Bagaimana sifat baik itu harus
dinyatakan secara konkret, tergantung pada
apa
yang baik dalam situasi
konkret itu. Maka prinsip ini menuntut suatu pengetahuan tepat tentang realitas, supaya dapat diketahui apa yang masing- masing baik bagi yang bersangkutan.
Prinsip sikap baik mendasari
semua norma moral, karena hanya atas dasar prinsip itu, maka akan masuk akal bahwa kita harus
bersikap adil, atau jujur, atau setia kepada orang lain.
2.2.2    Prinsip Keadilan
Prinsip kebaikan hanya menegaskan agar kita bersikap baik terhadap siapa
saja. Tetapi kemampuan manusia untuk bersikap baik secara hakiki terbatas, tidak hanya berlaku bagi benda-benda materiil, melainkan juga dalam hal perhatian dan
cinta kasih. Kemampuan untuk memberi hati kita juga terbatas. Maka secara logis
dibutuhkan prinsip  tambahan  yang  menentukan bagaimana kebaikan  itu  harus dibagi. Prinsip itu adalah prinsip keadilan.
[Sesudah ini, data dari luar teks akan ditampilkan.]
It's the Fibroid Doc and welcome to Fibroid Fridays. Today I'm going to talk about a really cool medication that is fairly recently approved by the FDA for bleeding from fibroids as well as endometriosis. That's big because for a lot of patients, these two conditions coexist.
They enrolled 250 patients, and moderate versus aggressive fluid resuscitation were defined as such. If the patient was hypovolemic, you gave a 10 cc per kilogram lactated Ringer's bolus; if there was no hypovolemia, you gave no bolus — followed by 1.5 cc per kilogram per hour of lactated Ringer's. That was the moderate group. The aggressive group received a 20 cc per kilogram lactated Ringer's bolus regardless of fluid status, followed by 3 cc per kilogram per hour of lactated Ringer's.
Adil pada hakikinya berarti bahwa kita memberikan kepada siapa saja apa
yang  menjadi
 haknya.  Karena  pada
 hakekatnya  semua  orang  sama
 nilainya
sebagai manusia, maka tuntutan
paling dasariah keadilan
adalah
perlakuan yang sama terhadap semua orang, tentu dalam situasi yang sama (Suseno,1989:132).
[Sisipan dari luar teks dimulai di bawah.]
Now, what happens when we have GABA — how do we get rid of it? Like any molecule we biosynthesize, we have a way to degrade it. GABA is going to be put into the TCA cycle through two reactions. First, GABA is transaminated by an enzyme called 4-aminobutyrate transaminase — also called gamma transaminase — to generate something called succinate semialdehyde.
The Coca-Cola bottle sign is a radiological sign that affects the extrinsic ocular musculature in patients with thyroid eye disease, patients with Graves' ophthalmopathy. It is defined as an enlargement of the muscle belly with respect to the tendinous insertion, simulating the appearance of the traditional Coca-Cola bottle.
Jadi prinsip keadilan mengungkapkan
kewajiban untuk memberikan
perlakuan yang sama
terhadap semua
orang lain yang berada
dalam situasi yang sama dan untuk menghormati hak semua pihak yang bersangkutan.
Secara singkat, keadilan menuntut agar kita jangan mau mencapai
tujuan- tujuan, termasuk hal yang baik, dengan melanggar hak seseorang.
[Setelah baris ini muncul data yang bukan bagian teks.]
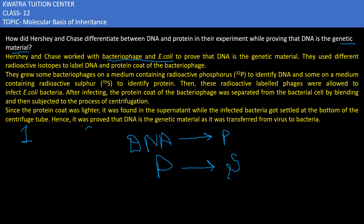In this experiment, there were two sets made. In the first set, the bacteriophage was grown in a medium with radioactive phosphorus, P32. In set 2, the bacteriophage was grown in radioactive sulfur, S35.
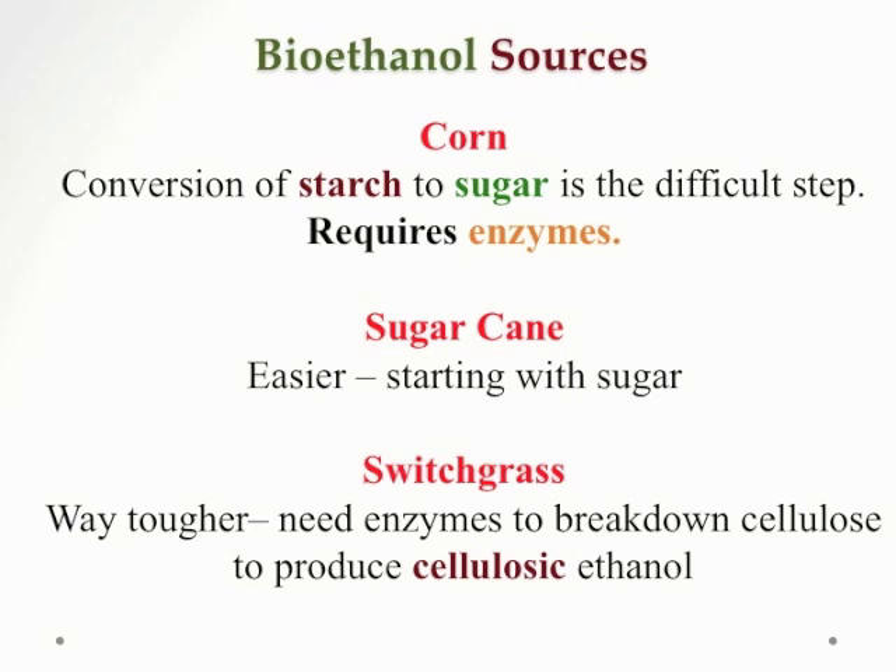Corn is not the only source of bioethanol. In fact, in Brazil, the major source of bioethanol is sugarcane. Sugarcane is great because it's not a starch — there's lots of sugar, so you don't have to go through the stage of making sugar; you can go to the fermentation stage right away. The most ambitious thing to do is to use cellulose-rich plant material like switchgrass, but this is way tougher because it involves enzymes to break down cellulose to make sugars for fermentation. So what we mostly do in the U.S. is corn, because it's the easiest.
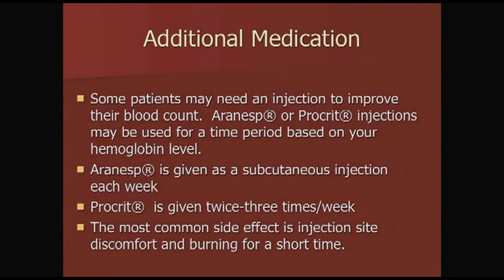Some patients may need an injection to improve their blood counts. Aranesp or Procrit injections may be used for a certain period of time based on your hemoglobin levels. Aranesp is given as a subcutaneous injection once a week. Procrit is also a subcutaneous injection but is taken two to three times a week. The most common side effect is injection site discomfort or burning, which only lasts a short time.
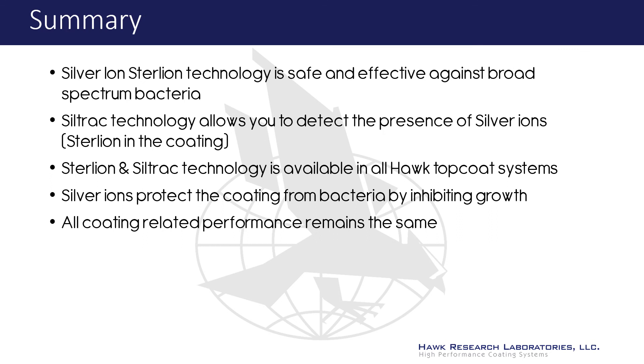In summary, Sterlion silver ion antimicrobial is a safe and highly effective method of protecting surfaces from the harmful effects of bacteria. Siltrek technology provides an extra level of confidence by confirming the presence of Sterlion in the coating. Sterlion with Siltrek technology is now available in all of Hawk's topcoat systems. Protect your surfaces — use Sterlion with Siltrek technology.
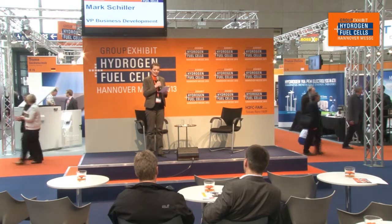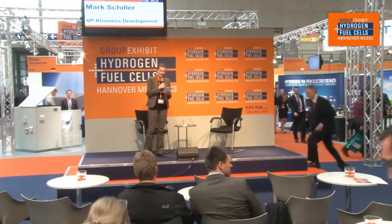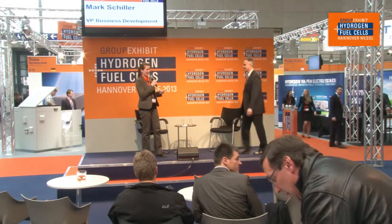Welcome to the group exhibit Hydrogen and Fuel Cells at Hannover Fair 2013. My name is Alexa von Busser, I am the moderator for the last session today. I invite you all to sit down, have a drink, and as we are a public forum, to ask questions whenever they come up to your mind — just raise your hand and I'll come around with a microphone. My last guest for today is Proton Onsite, and this company calls itself the world leader in onsite gas generation. Its Vice President of Business Development is now coming on stage to talk with me about scaling PEM electrolysis for emerging energy markets. Please welcome Mr. Mark Schiller.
2.2.3    Prinsip Hormat Terhadap Diri Sendiri
Prinsip ini menyatakan bahwa manusia
wajib untuk selalu memperlakukan diri
sebagai sesuatu yang bernilai pada dirinya sendiri. Prinsip ini berdasarkan paham bahwa manusia adalah person, pusat berpengertian dan berkehendak, yang
memiliki
 kebebasan  dan   suara   hati,   mahluk   yang   berakal   budi  (Suseno,
1989:133).
Prinsip ini mempunyai
dua
arah. Pertama, dituntut agar kita tidak
membiarkan diri  diperas,  diperalat,  atau
 diperbudak.
 Perlakuan  tersebut  tidak wajar untuk kedua belah pihak, maka yang diperlakukan demikian jangan
membiarkannya berlangsung  begitu saja apabila
 ia dapat
 melawan, sebab kita mempunyai harga diri. Dipaksa untuk melakukan atau menyerahkan
sesuatu tidak
pernah wajar. Kedua, kita jangan sampai membiarkan diri terlantar.
Manusia  juga
 mempunyai  kewajiban  terhadap
 dirinya  sendiri,
 berarti
bahwa kewajibannya terhadap orang lain diimbangi oleh perhatian yang wajar
terhadap dirinya sendiri.
Sebagai
kesimpulan, kebaikan
dan keadilan yang kita tunjukkan
kepada orang  lain,
 perlu  diimbangi dengan  sikap
 yang  menghormati diri kita sendiri
sebagai mahluk yang bernilai pada dirinya sendiri. Kita mau berbaik kepada orang lain dan bertekad untuk bersikap adil, tetapi tidak dengan membuang diri.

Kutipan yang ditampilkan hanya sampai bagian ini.